A rigid body, starting at rest, rotates about a fixed axis with a constant angular acceleration α. Consider a particle a distance r from the axis. Express (a) the radial acceleration and (b) the tangential acceleration of this particle in terms of α, r and time t.
c) if the resultant acceleration of the particle at some instant makes an angle of 57.0 degrees with the tangential acceleration, through what total angle has the body rotated from t=0 to that instant.
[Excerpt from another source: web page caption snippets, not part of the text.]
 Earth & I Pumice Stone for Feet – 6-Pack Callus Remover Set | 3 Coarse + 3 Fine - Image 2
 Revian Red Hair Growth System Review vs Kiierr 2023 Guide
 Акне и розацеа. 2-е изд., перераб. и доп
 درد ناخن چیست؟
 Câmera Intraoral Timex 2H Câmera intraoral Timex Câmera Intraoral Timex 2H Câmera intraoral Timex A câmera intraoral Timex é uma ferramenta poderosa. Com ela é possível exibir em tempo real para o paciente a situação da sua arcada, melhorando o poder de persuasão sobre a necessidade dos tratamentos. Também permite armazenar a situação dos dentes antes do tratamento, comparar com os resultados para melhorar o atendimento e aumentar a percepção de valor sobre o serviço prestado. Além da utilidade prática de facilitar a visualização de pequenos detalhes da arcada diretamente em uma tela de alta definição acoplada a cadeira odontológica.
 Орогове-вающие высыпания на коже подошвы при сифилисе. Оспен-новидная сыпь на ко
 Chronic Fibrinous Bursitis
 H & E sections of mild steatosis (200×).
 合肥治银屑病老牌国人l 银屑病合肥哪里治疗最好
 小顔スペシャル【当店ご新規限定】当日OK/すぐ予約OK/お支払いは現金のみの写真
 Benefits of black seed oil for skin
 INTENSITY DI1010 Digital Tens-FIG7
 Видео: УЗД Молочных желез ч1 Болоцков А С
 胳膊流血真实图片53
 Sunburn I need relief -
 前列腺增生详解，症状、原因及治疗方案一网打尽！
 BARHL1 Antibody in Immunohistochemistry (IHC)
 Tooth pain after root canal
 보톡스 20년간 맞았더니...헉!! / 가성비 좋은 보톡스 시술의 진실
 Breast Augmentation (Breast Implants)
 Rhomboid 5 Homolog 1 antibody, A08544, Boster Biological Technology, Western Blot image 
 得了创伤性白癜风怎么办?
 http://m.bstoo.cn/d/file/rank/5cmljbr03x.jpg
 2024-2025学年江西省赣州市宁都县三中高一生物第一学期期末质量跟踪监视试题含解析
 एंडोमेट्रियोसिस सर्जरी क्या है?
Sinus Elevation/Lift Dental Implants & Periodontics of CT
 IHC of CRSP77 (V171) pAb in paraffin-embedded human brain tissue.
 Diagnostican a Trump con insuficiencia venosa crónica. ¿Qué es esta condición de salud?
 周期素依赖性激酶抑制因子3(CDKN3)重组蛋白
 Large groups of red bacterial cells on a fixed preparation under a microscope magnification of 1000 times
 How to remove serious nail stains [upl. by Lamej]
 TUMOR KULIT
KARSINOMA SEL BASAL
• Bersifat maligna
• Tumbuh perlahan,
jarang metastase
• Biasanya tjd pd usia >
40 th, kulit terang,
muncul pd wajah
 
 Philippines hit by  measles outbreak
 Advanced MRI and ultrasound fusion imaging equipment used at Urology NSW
i got radial acceleration = rω^2 = (α^2)(t^2)r
tangential acceleration = αr

for c i made a triangle and got cos(57deg) = cos(.99rad) = (α^2)(t^2)r/αr = αt^2

so i plugged it into the kinematics formula
theta = (1/2)αt^2
theta = (1/2)cos(.99rad)
theta = .27 radians
but that is incorrect

 

[Doc Al]

for c i made a triangle and got cos(57deg) = cos(.99rad) = (α^2)(t^2)r/αr = αt^2

Why cosine? (And why change to radians?)

 

[Destrio]

will making a triangle give me any information?
doing the same thing with tan and sin don't give me good answers

is the resultant acceleration = sqrt([(α^2)(t^2)r]^2 + [αr]^2)
should I be making a triangle with that?

thanks

 

[Doc Al]

will making a triangle give me any information?

Sure.

doing the same thing with tan and sin don't give me good answers

Why not? One of them will.

is the resultant acceleration = sqrt([(α^2)(t^2)r]^2 + [αr]^2)
should I be making a triangle with that?

Yes, but that's the same triangle.

Just draw a right triangle with two sides being the two acceleration components.

 

[Destrio]

tan(57deg) = (α^2)(t^2)r / αr
tan(57deg) = αt^2

theta = (1/2)αt^2
theta = (1/2)tan(57deg)
theta = .7699 rad

.7699rad * 360/2pi = 44.1 degrees

i don't know what I was thinking initially

but this makes more sense than what i was doing

thanks!